Exercise description.
Take the material below and restate it word for word, stopping after the line in which "212 Ash DRIVE" occurs.
· · · · · · ·
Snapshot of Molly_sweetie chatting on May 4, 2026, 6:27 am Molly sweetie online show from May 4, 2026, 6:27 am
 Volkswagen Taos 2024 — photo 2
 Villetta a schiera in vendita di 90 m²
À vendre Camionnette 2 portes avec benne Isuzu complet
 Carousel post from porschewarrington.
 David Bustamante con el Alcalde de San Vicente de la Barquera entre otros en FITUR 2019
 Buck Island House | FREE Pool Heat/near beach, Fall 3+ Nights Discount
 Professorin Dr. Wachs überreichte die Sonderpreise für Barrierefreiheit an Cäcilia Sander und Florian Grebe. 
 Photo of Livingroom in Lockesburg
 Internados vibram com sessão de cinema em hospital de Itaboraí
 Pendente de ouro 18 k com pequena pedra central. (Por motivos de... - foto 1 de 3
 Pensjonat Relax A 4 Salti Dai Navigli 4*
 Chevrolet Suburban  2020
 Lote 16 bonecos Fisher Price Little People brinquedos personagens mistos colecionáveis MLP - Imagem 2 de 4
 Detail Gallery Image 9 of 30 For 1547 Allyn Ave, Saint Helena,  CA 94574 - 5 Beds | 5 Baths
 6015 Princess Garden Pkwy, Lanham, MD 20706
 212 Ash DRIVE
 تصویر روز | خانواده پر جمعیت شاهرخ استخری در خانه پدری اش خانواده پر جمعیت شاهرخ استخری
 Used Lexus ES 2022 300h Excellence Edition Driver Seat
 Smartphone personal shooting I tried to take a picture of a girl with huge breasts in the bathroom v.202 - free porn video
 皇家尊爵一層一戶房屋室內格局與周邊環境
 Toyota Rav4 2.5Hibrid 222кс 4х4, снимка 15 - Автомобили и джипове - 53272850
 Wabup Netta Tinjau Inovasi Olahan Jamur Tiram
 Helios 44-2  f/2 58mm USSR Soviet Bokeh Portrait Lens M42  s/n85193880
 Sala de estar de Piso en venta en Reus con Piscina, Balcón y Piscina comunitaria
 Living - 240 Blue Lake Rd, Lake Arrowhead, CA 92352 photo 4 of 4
· · · · · · ·
Answer box.
Snapshot of Molly_sweetie chatting on May 4, 2026, 6:27 am Molly sweetie online show from May 4, 2026, 6:27 am
 Volkswagen Taos 2024 — photo 2
 Villetta a schiera in vendita di 90 m²
À vendre Camionnette 2 portes avec benne Isuzu complet
 Carousel post from porschewarrington.
 David Bustamante con el Alcalde de San Vicente de la Barquera entre otros en FITUR 2019
 Buck Island House | FREE Pool Heat/near beach, Fall 3+ Nights Discount
 Professorin Dr. Wachs überreichte die Sonderpreise für Barrierefreiheit an Cäcilia Sander und Florian Grebe. 
 Photo of Livingroom in Lockesburg
 Internados vibram com sessão de cinema em hospital de Itaboraí
 Pendente de ouro 18 k com pequena pedra central. (Por motivos de... - foto 1 de 3
 Pensjonat Relax A 4 Salti Dai Navigli 4*
 Chevrolet Suburban  2020
 Lote 16 bonecos Fisher Price Little People brinquedos personagens mistos colecionáveis MLP - Imagem 2 de 4
 Detail Gallery Image 9 of 30 For 1547 Allyn Ave, Saint Helena,  CA 94574 - 5 Beds | 5 Baths
 6015 Princess Garden Pkwy, Lanham, MD 20706
 212 Ash DRIVE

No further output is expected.